The uprising, which lasted 62 days from 1 August to 2 October 1944 was part of a planned nationwide uprising by the Polish Home Army, or Armia Krajowa (AK) codenamed Operation Tempest, aimed at expelling the Germans after five years of brutal occupation. The Home Army had been organised underground by the Polish Government-in-Exile in London.

The Nazis immediately decided to crush the uprising, and the Polish authorities called on the Western Allies for help (Poland differed from Britain and the US on how they viewed the Soviet Union, after its invasion of Poland in 1939 and the Katyn Massacre in 1940).

British war leader Winston Churchill ordered the Royal Air Force’s 205 Heavy Bomber Group, a long range, night bomber unit, to assist the Poles. The Group, commanded by Major General Jimmy Durrant, a South African, comprised:  1586 (Polish Special Duties) Flight; the RAF’s 224 Wing and the SAAF’s 2 Wing, including 31 and 34 Squadrons flying Consolidated Liberator B Mk VIII (B-24J) long range heavy bombers. Durrant strongly protested the very risky mission but was ordered to carry on by Churchill – the Soviets did not allow Allied aircraft to land on territory occupied by them and as a result, SAAF pilots had to fly the round trip from Foggia in Italy to Warsaw and all the way back, some 2 815 kilometres, most of it over enemy territory.

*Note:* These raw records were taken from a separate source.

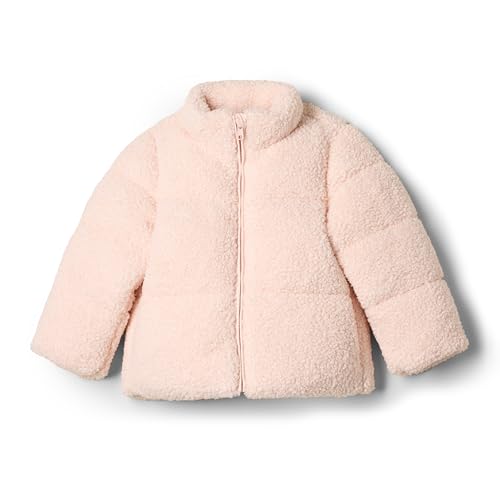 Image of Amazon Essentials x Sofia Grainge Unisex Toddlers and Babies' Teddy Puffer Jacket, Winter Coat, Fleece Lined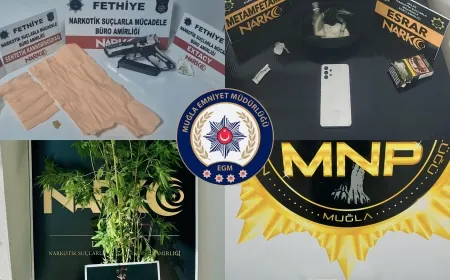 Uyuşturucu İle  Mücadelede 6 Kişi Tutuklandı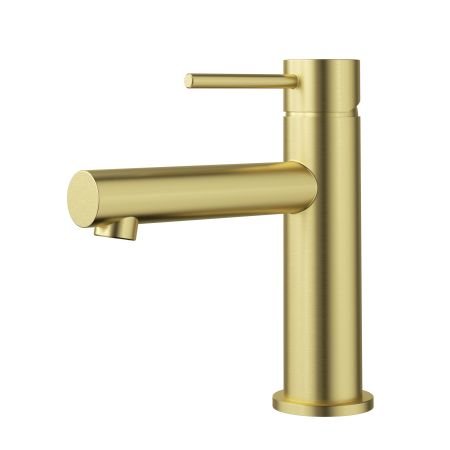 Otus Slimline SS Basin Mixer in Brushed Gold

Of the 41 aircraft sent by the SAAF, 11 were lost, the highest loss rate on operations for the SAAF. Overall, 205 Bomber Group lost one aircraft for every ton of aid delivered to Poland.

The Polish Ambassador, Adam Burakowski, pointed out that Poland found itself facing two totalitarian regimes, the German Nazis and the Soviet Communists. He expressed gratitude to South Africa for the airmen’s sacrifice in 1944, as did Dr Pawel Ukielski, Deputy Director of the Rising Museum in Warsaw.

The moving ceremony also featured a religious service, with Pastor Robin Petersen, a son-in-law of one of the Warsaw airmen, speaking, as did Father Radoslaw Szymoniak, who spoke of the futility of war and prayed for peace in current wars.

Following the Last Post, Two Minute’s Silence and Reveille and a flypast by four aircraft of the SAAF Museum, wreaths were laid for Poland and the Rising Museum. Major General Lancelot Mathabula represented the Chief of the SAAF. He was accompanied by military attaches from the US and France, as well as military veterans organisations representing the RAF, SAAF and Polish military and family groups.

Ukielski later opened a new permanent exhibition at the Ditsong Museum of Military History dedicated to the AK and the Warsaw rising.